# Required work:
When you copy the records, keep every word exact and leave the pictures out.

# Pictures with short captions:
[Start of Attachment]
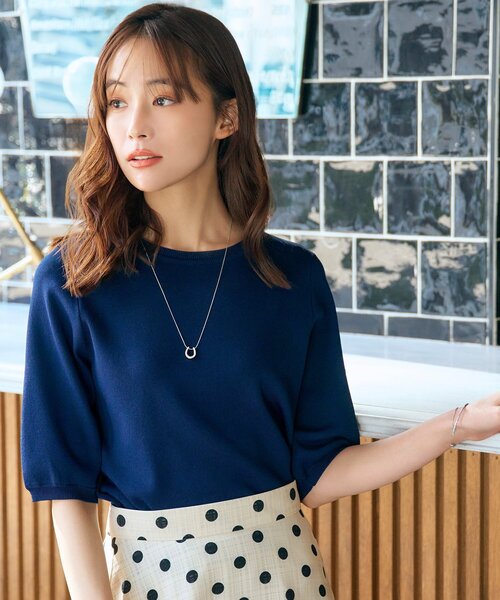 grove（グローブ）の「◆雑誌掲載【多機能】やわらかドライタッチ五分袖プルオーバー（ニット/セーター・レディース・イエロー/ネイビー/アイボリー/ブラック/ライトブルー/ブルーグリーン/アイボリー系2/ナチュラル/ブラック系2・02/03/01/04/05）」の7枚目の写真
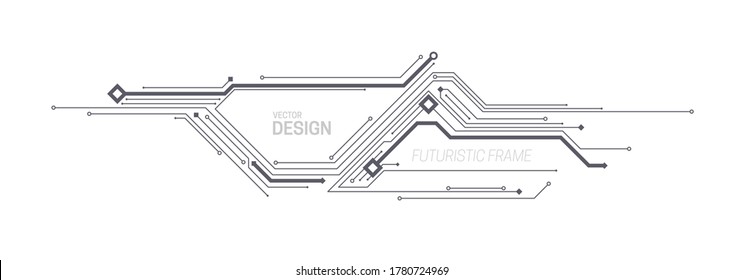 Futuristic frame design. Vector illustration. HUD element. Circuit board or chip pattern. Technology concept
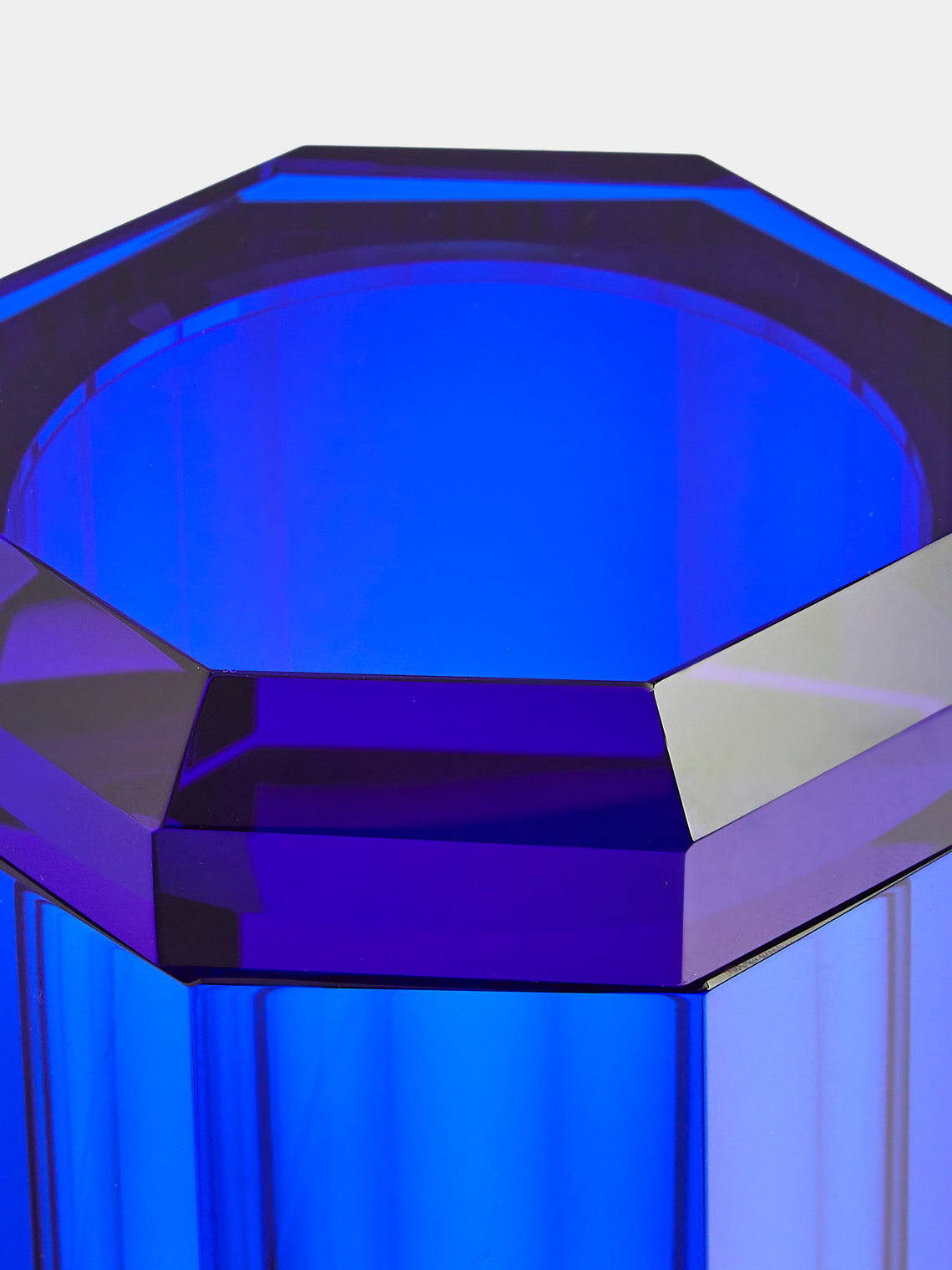 Decor Walther - Cut Crystal Lidded Jar - Blue - ABASK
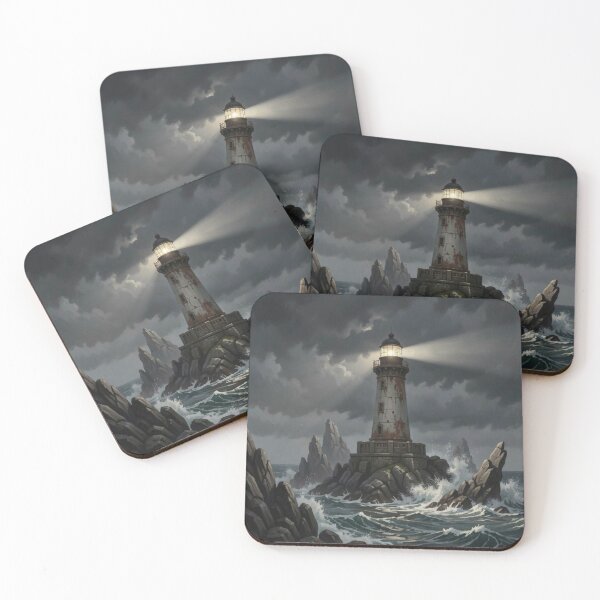 Item preview, Dramatic lighthouse in a storm with powerful waves and an intense beam of light against a dark sky designed and sold by FotoworldEdel.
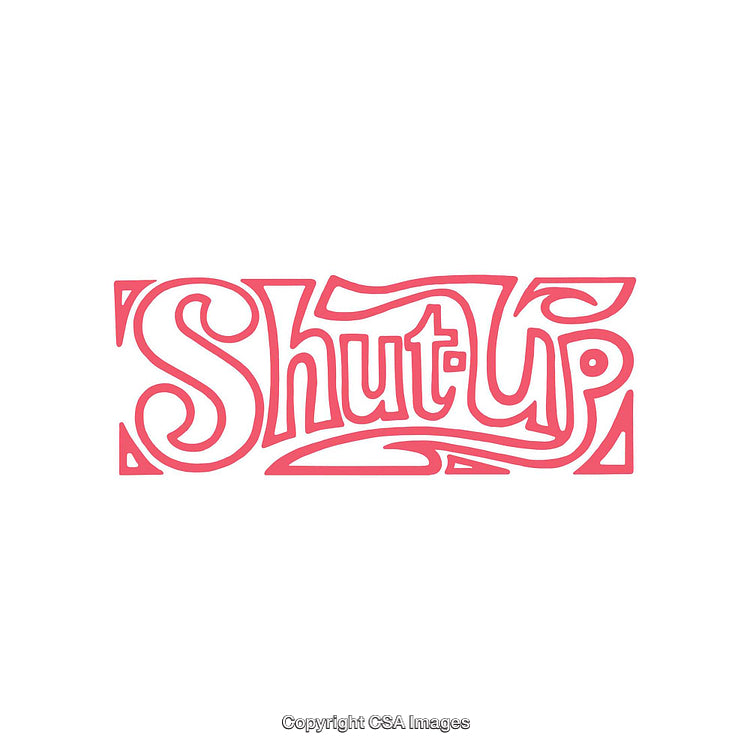 Stylized Typography Design Featuring the Phrase 'Shut-Up' in Vibrant Pink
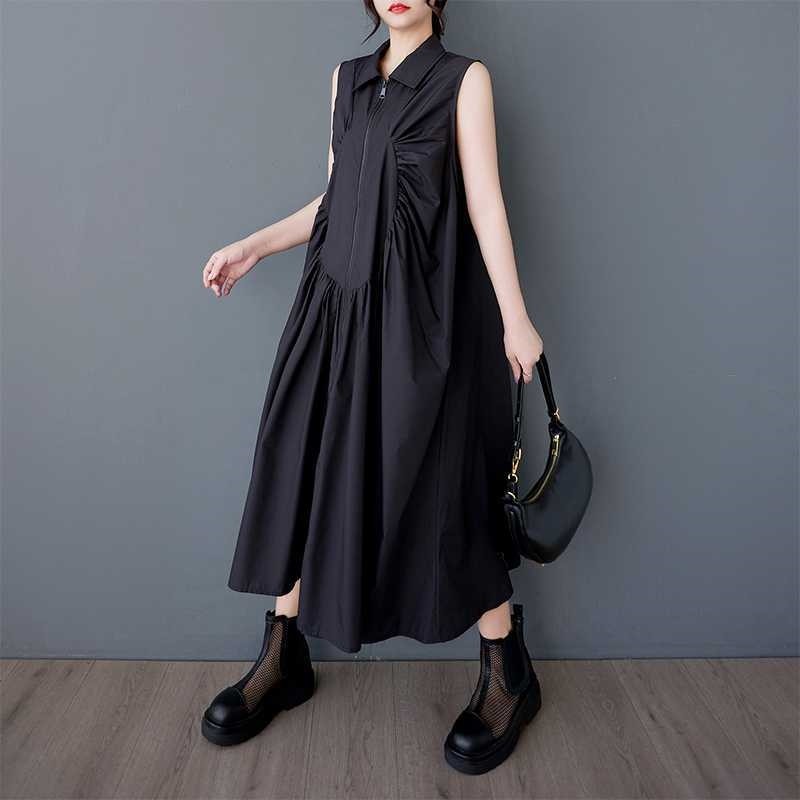 Loose Pleated Zippered Maxi Dress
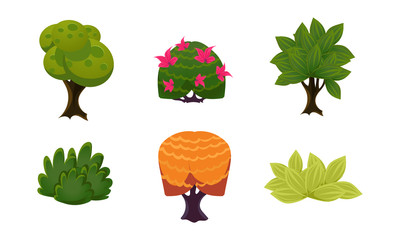 Poster - Summer plants set, cute cartoon fantasy bushes and trees, user interface assets for mobile apps or video games vector Illustration on a white background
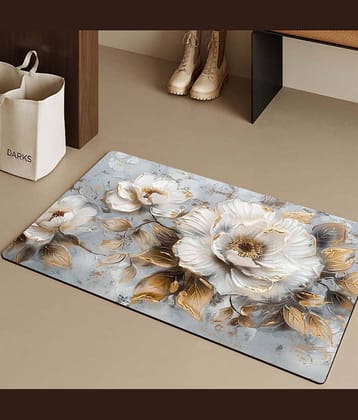 mahek accessories Set of 1 Anti-skid Rubber Door Mat ( 60 X 40 cm ) White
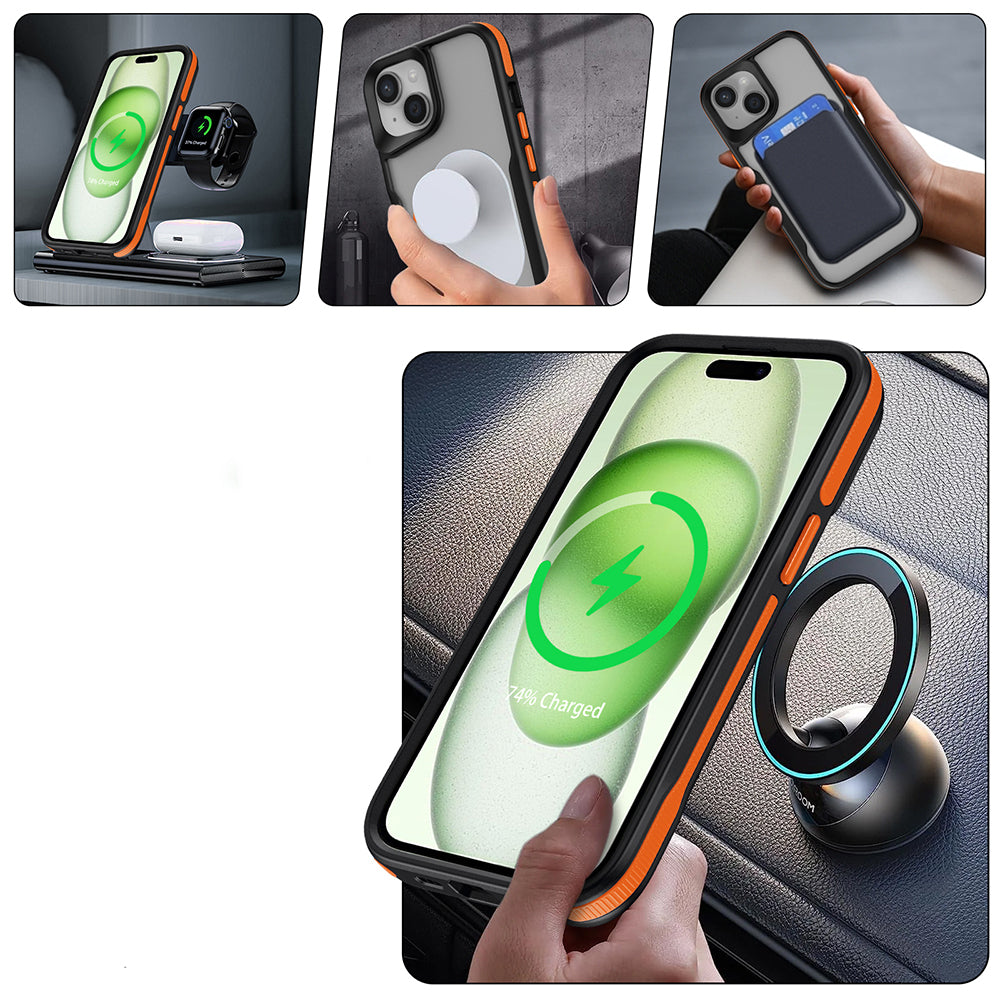 Apple iPhone 13 Kılıf M-safe Şarj Özellikli Renkli Kenar Airbag Şeritli Zore Lamer Kapak Mavi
[End of Attachment]
# Solution to the exercise:
 grove（グローブ）の「◆雑誌掲載【多機能】やわらかドライタッチ五分袖プルオーバー（ニット/セーター・レディース・イエロー/ネイビー/アイボリー/ブラック/ライトブルー/ブルーグリーン/アイボリー系2/ナチュラル/ブラック系2・02/03/01/04/05）」の7枚目の写真
 Futuristic frame design. Vector illustration. HUD element. Circuit board or chip pattern. Technology concept
 Decor Walther - Cut Crystal Lidded Jar - Blue - ABASK
 Item preview, Dramatic lighthouse in a storm with powerful waves and an intense beam of light against a dark sky designed and sold by FotoworldEdel.
 Stylized Typography Design Featuring the Phrase 'Shut-Up' in Vibrant Pink
 Loose Pleated Zippered Maxi Dress
 Poster - Summer plants set, cute cartoon fantasy bushes and trees, user interface assets for mobile apps or video games vector Illustration on a white background
 mahek accessories Set of 1 Anti-skid Rubber Door Mat ( 60 X 40 cm ) White
 Apple iPhone 13 Kılıf M-safe Şarj Özellikli Renkli Kenar Airbag Şeritli Zore Lamer Kapak Mavi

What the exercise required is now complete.